In [None]:
import piplite
await piplite.install("pytest")
await piplite.install("hypothesis")

<br><br><br>

## Old trigonometry

In [None]:
from my_cool_package import oldtrig as old

<br><br><br><br><br>

This is a very useful package that renames `sin` and `cos` as "sine" and "cosine" and uses degrees, rather than radians.

In [None]:
old.sine(30)

In [None]:
old.cosine(60)

<br><br><br><br><br>

It also defines some other functions that aren't often used anymore.

In [None]:
old.versine(60)

In [None]:
old.coversine(30)

In [None]:
old.vercosine(60)

In [None]:
old.covercosine(30)

In [None]:
old.haversine(60)

In [None]:
old.hacoversine(30)

In [None]:
old.havercosine(60)

In [None]:
old.hacovercosine(30)

In [None]:
old.exsecant(60)

<br><br><br><br><br>

In [None]:
%%html
<div style="overflow: hidden;"><iframe src="/my-cool-package/files/angles/demo.html" width="840" height="440" scrolling="no"></div>

<br><br><br><br><br>

## How do we test it?

In general, a test runs a function and compares its result to an expected value.

How about this?

In [None]:
import math

In [None]:
assert old.sine(30) == math.sin(30 * math.pi / 180)

<br><br><br><br><br>

It works!

... But it's not any different from the implementation itself.

In [None]:
import inspect

In [None]:
print(inspect.getsource(old.sine))

Does it make any sense to have tests like the following?

In [None]:
assert old.sine(30) == old.sine(30)

<br><br><br><br><br>

It does, a little bit.

Although it can't tell you if `old.sine(30)` is returning the wrong value, it _is_ telling you that it runs without errors.

It's equivalent to this test:

In [None]:
ignore = old.sine(30)

which isn't nothing.

<br><br><br><br><br>

One way to make the test better: compare it to a fixed value.

In [None]:
assert old.sine(30) == 0.5

Or maybe

In [None]:
import pytest

In [None]:
assert old.sine(30) == pytest.approx(0.5)

<br><br><br><br><br>

This encodes our expectation, and it's independent of implementation (which would have different round-off errors).

One value isn't enough.

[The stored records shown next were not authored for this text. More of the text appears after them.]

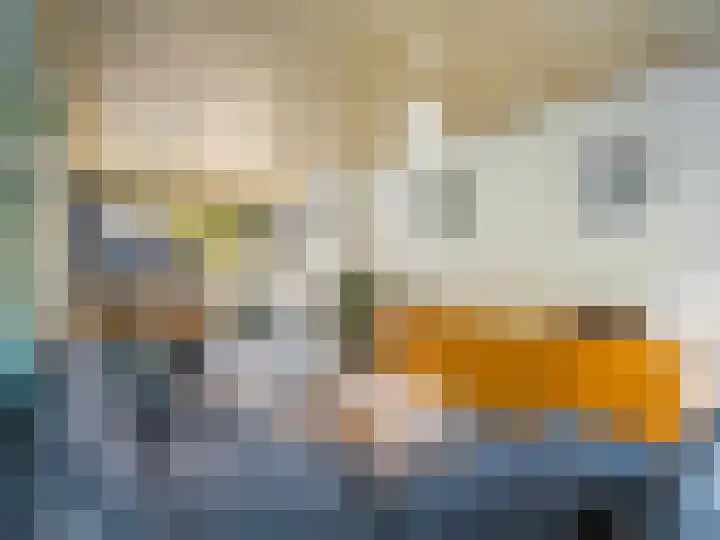 Mimosastraat 22 Breda thumbnail 4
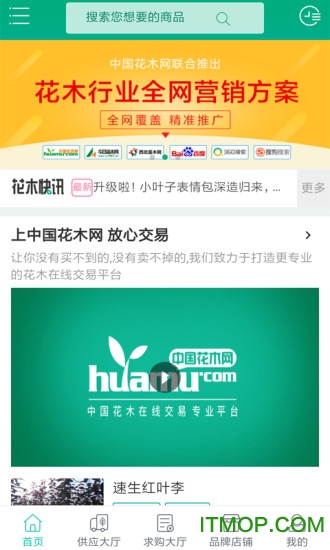 花木网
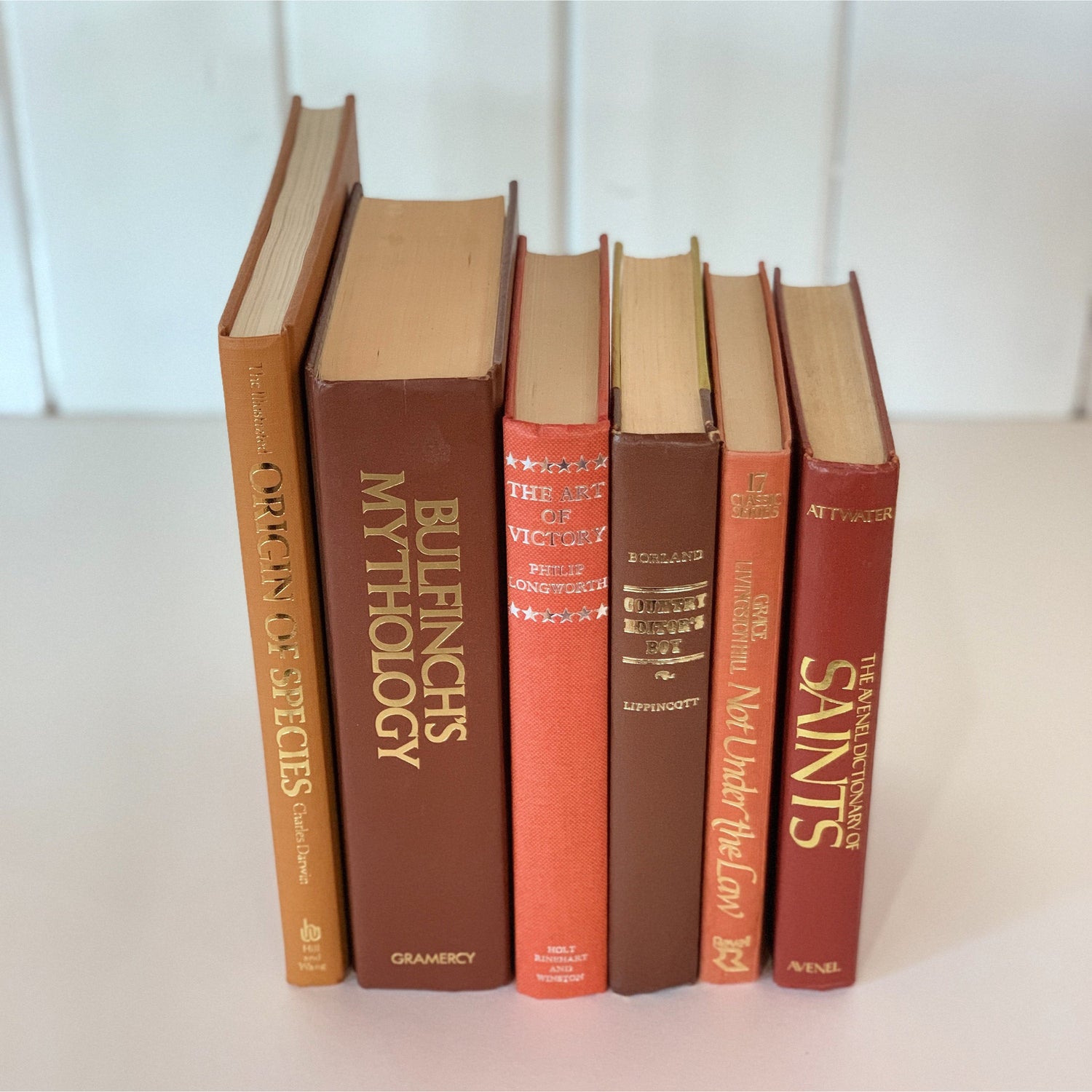 Mid-Century Vintage Terra Cotta Coral Book Bundle for Decor, Library and Office Decor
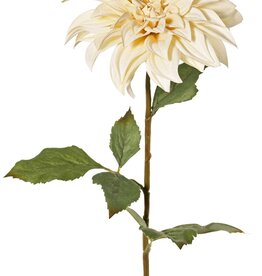 Dahlia 'Green Fall' met 1 bloem, Ø 15 cm, 7 bladeren, 66 cm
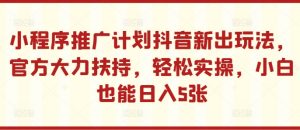 小程序推广计划抖音新出玩法,官方大力扶持,轻松实操,小白也能日入5张【揭秘】-小鸿资源库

Let's do a few, in qualitatively different regions of the circle.

In [None]:
argument_expectation_pairs = [
    (-10, -0.17364817766693033),  # a negative value
    (0, 0),                       # 0°
    (10, 0.17364817766693033),    # a little above 0°
    (30, 0.5),                    # special angle 30°
    (45, 1 / math.sqrt(2)),       # special angle 45°
    (60, math.sqrt(3) / 2),       # special angle 60°
    (80, 0.984807753012208),      # a little below 90°
    (90, 1),                      # 90°
    (100, 0.984807753012208),     # a little above 90°
    (180, 0),                     # 180°
    (270, -1),                    # 270°
    (360, 0),                     # 360°
    (370, 0.17364817766693033),   # a little above 360°
]

for θ, expected in argument_expectation_pairs:
    assert old.sine(θ) == pytest.approx(expected)

<br><br><br><br><br>

Now what about the weird values like infinity and not-a-number?

In [None]:
assert math.isnan(old.sine(math.nan))

In [None]:
try:
    old.sine(math.inf)
except ValueError:
    pass                   # we expect this case to raise a ValueError
else:
    raise AssertionError   # it's a problem if it doesn't!

<br><br><br><br><br>

How did I get expected values for generic values, like `old.sine(10)`?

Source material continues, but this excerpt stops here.